Capel Nebo was built in 1813 by the Congregationalists; the Wesleyan Methodists followed in 1832 at Capel Pisgah; and the Calvinistic Methodists at Capel Tan y Foel.

Hen Felin, an ancient mill, stood close to the shoreline at Porth Neigwl, and was referred to in a Crown survey of 1352.  A second mill stood above Plas yn Rhiw, fed by the holy well at Ffynnon Aelrhiw.

Bwlch y Garreg Wen, built in 1731, is a typical agricultural worker's house of the period.  It has one door, roughly in the centre of one long side, which is flanked by two small windows.  The cottage has two bedrooms, one above the other, and a ladder would have been used to reach the upper room.  This type of dwelling, known as a croglofft cottage, was to be found throughout the Llŷn Peninsula.
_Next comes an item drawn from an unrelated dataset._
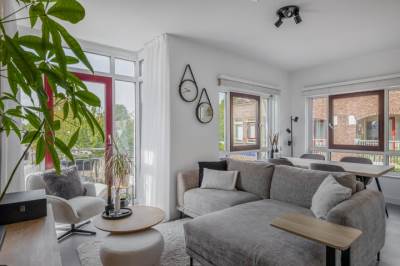 Woning Pilatusdam 2 Zoetermeer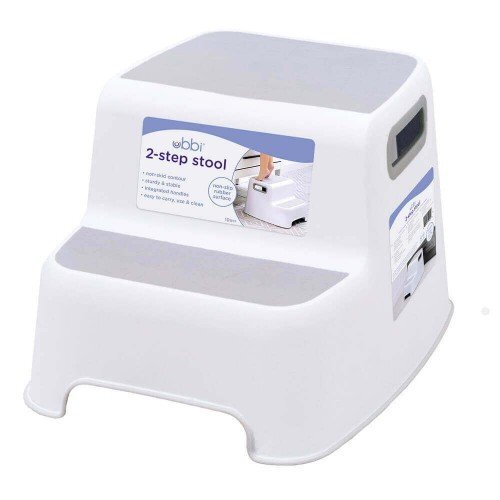 Ubbi Inaltator antiderapant in 2 trepte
Tyn y Graig was built at the beginning of the 18th century, and is constructed of uncoursed boulders.  It was originally thatched, but a slate roof was later substituted.  It has two tall square capped chimneys, and contains a dairy with a loft above.

Meillionydd Fawr dates from 1616, and is to the west of Mynydd Rhiw.  It is a three-storey building with boulder-built walls and a modern slate roof, which was much altered in the 19th century.

Bryn Gwynt and Pen yr Ogof are examples of "Moonlight Cottages".  In the 17th and 18th centuries it was common for young couples to squat on land; if they were able to build a cottage over night and have smoke coming from the chimney by dawn, they could keep both the house and surrounding land.

Birdlife is abundant around the village, with common blackbirds, European robins, dunnocks, Eurasian wrens and both the song and mistle thrush. Eurasian curlews nest in boggy patches and northern lapwings can be seen in the fields.  European greenfinches, linnets, common whitethroats, common chaffinches and willow warblers all nest in the gorse bushes that flank the sheep pastures, along with European stonechat and the whinchat. Barn swallows, house martins and common swifts nest in the farm buildings, alongside house sparrows and white wagtails, while the woodlands are the haunt of the Eurasian nuthatch, common treecreeper, great spotted woodpecker and European green woodpecker.  common wood pigeons, stock doves and Eurasian collared doves also breed in the woods, along with the Eurasian woodcock. The long-tailed tit nests in dense thickets of blackthorn and gorse, while the reed bunting, common moorhen and common snipe raise their young in the marshes.  Three species of owl nest around the village, and the Eurasian sparrowhawk, common kestrel, merlin and common buzzard can all be seen hunting.  On the coastal cliffs, peregrine falcons and red-billed chough are found, with rock pipits inhabiting the rocks above the tide line.  Great cormorants and European shags, common guillemots, razorbills and European herring gulls all nest on these cliffs, as does the northern fulmar.